Unfortunately, there is currently a lack of suitable means to adequately combat rhinoviruses. Treatment is still symptomatic. Any immunity that develops is only short-lived and type-specific and does not provide any safety against re-infection in the case of >150 serotypes. Active (such as for influenza) and passive vaccination (such as for RSV) could be used preventively (Stepanova E et al. 2019).

In the 1960s and 1970s, several studies with formalin-inactivated RV vaccines administered to humans found that strong, long-lasting, strain-specific protective immunity was established. After experimental infection with different rhinovirus strains, a correlation was found between serum antibody titer and disease severity, indicating homotypic protection. However, there was little or no cross-reactivity between different rhinovirus strains, which meant that the vaccine had low efficacy in the field.

Prospect: An alternative approach is to use conserved RV proteins or peptides as vaccine antigens, administered as recombinant proteins together with an adjuvant or using a vector delivery system (see Vector vaccines below). The rhinovirus capsid consisting of the VP1, VP2, VP3 and VP4 proteins are the main targets for anti-RV immune responses. Due to their sequence variation, there is a high antigenic diversity between strains. However, recent advances in the understanding of RV-induced immune responses and viral capsid structures have led to an improved understanding of the parts of the viral proteins that are promising vaccine targets (Stepanova E et al. 2019).
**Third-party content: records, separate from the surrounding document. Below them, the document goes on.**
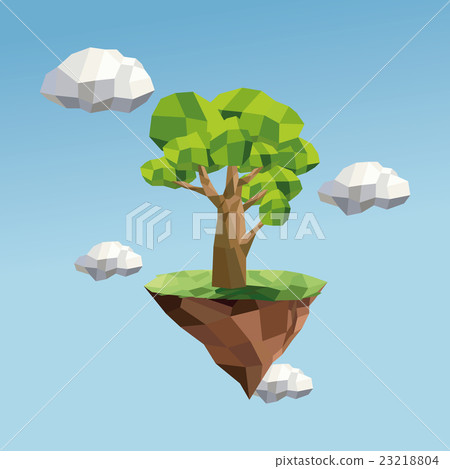 tree and cloud icon. Polygonal image. vector tree and cloud icon. Polygonal image. vector 23218804
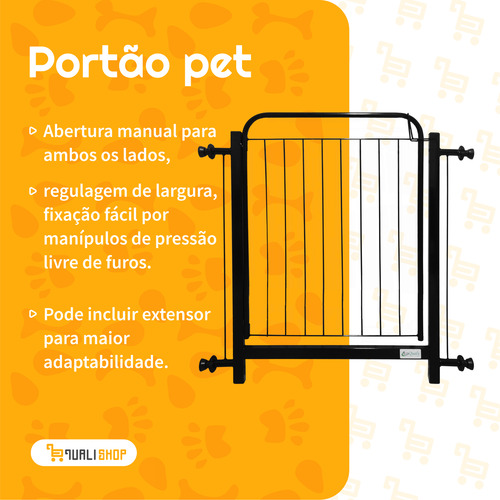 Grade Portao 78x132cm Protecao Pets Crianças C/ Extensor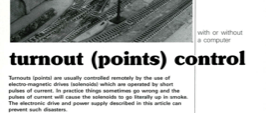 turnout (points) control - with or without a computer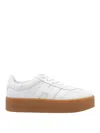 Hogan Stylish Leather Sneakers Platform Sole In White
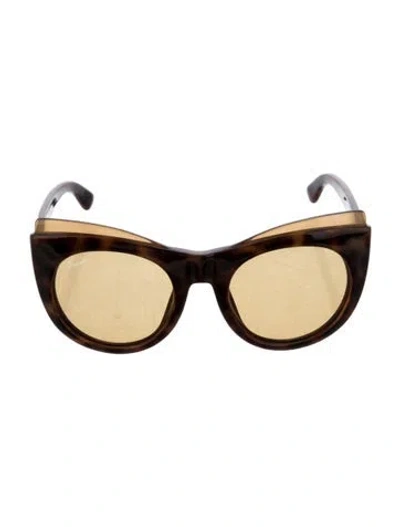 Pre-owned Gucci Interlocking G Logo Oversize Sunglasses In Brown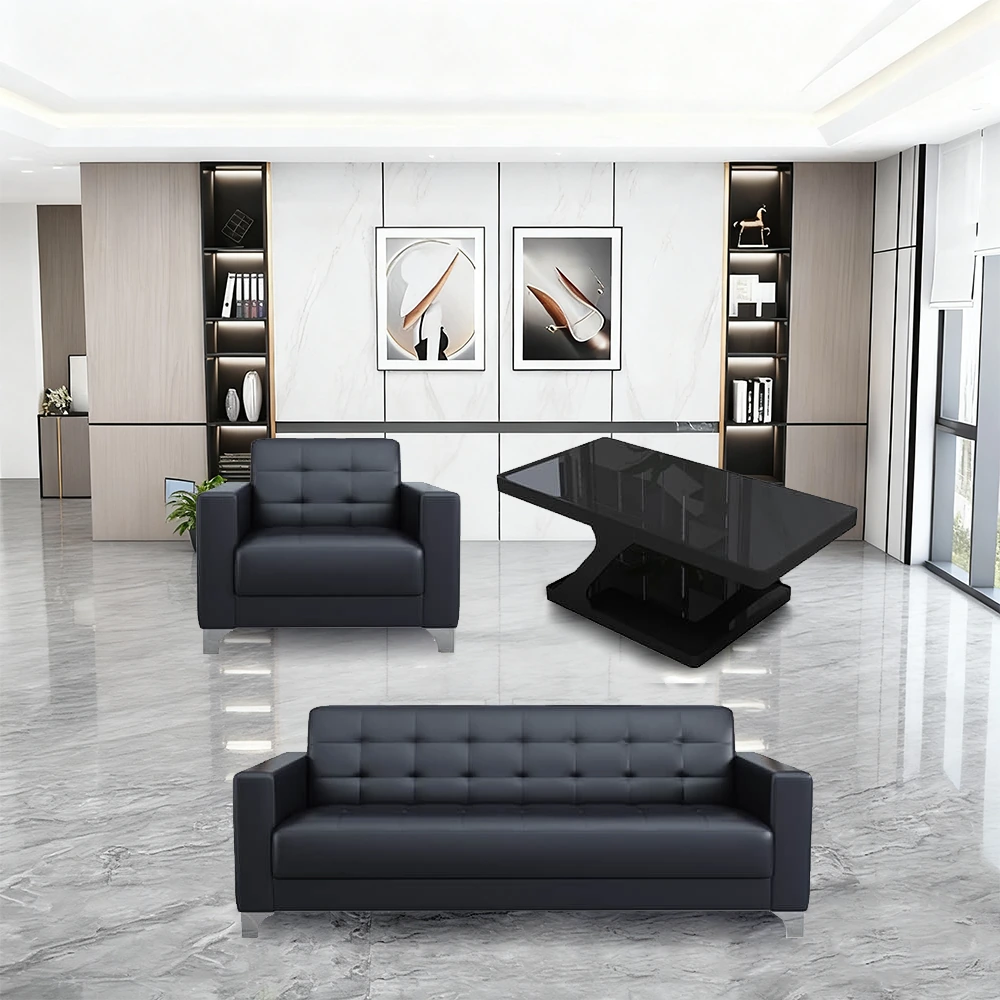 Business Office Sofa in Leather, Black - Maoters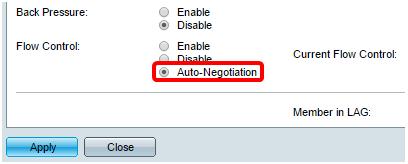 Nota: Neste exemplo, a auto negociação é escolhida. Etapa 28. Clique em Apply. Etapa 29.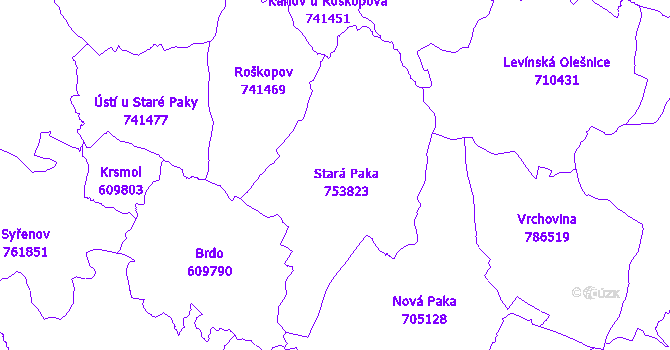 Katastrální mapa Stará Paka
Another approach for designing cross-reactive RV vaccines is to use immunogens that induce T-cell-mediated immune responses. The simplest strategy is to combine a conserved region of the RV with an adjuvant that enhances the T-cell response. Promising CD4 T-cell epitopes are found in the VP1 and VP2 capsid proteins of several RV group A serotypes. The identified T-cell epitopes are promising for the design of a broadly protective vaccine against human rhinoviruses.

Antibiotics: Studies show that substances commonly used in clinical practice, such as the macrolide antibiotic azithromycin, have immunomodulatory properties that could have an effect against rhinoviruses (Gielen V et al. 2010).